Your assignment. Copy out each line of the listing that has the word "with" in it.

Data excerpts.
______________________________
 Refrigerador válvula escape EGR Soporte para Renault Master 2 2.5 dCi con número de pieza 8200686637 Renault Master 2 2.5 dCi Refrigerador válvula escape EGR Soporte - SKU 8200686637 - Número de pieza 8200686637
______________________________
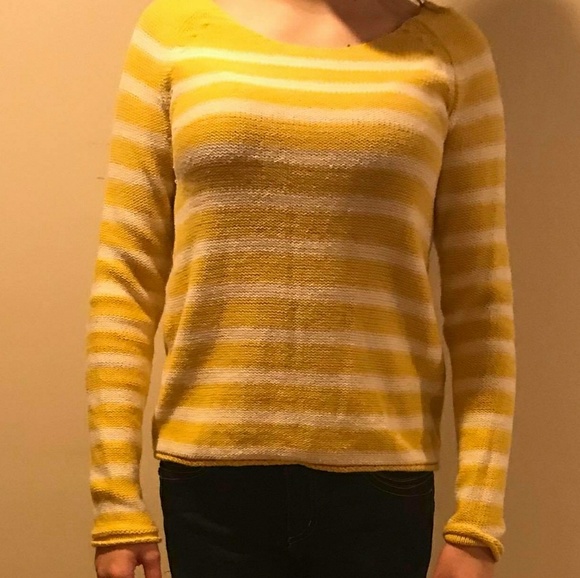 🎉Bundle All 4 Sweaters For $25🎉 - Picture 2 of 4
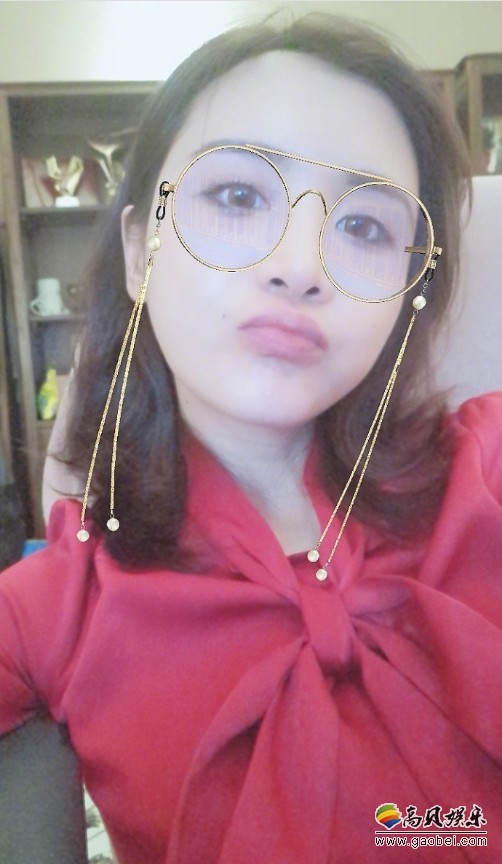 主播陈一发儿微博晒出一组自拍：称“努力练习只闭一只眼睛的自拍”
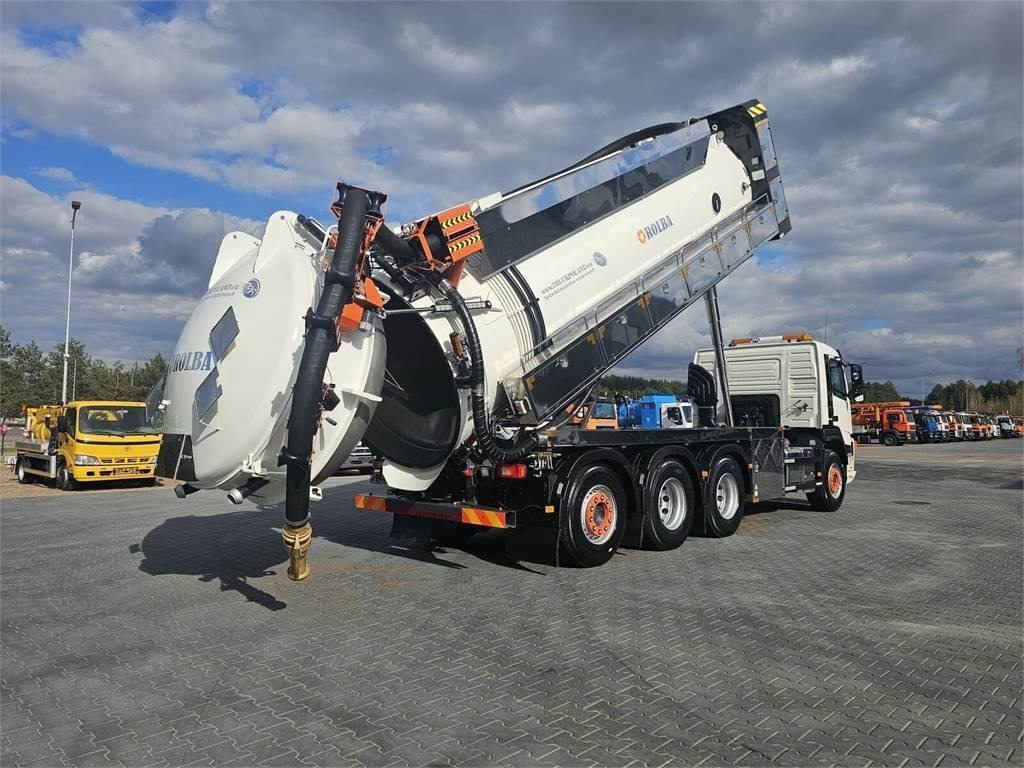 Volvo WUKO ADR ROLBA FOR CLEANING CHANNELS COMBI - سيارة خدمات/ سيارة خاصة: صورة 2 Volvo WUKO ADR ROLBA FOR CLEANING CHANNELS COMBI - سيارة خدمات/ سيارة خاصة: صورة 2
______________________________
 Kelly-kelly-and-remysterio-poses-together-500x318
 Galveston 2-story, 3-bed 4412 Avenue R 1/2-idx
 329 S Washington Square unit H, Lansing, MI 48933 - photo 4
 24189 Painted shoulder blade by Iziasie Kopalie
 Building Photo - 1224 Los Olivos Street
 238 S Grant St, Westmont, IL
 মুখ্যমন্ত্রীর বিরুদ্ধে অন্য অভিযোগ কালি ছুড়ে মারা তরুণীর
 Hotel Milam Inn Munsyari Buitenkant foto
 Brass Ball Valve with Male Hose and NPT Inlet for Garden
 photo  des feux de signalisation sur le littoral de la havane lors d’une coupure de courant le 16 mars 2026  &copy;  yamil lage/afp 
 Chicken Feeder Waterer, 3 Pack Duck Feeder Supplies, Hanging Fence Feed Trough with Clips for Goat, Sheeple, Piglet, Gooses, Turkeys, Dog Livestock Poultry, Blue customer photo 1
______________________________
Response.
 Brass Ball Valve with Male Hose and NPT Inlet for Garden
 Chicken Feeder Waterer, 3 Pack Duck Feeder Supplies, Hanging Fence Feed Trough with Clips for Goat, Sheeple, Piglet, Gooses, Turkeys, Dog Livestock Poultry, Blue customer photo 1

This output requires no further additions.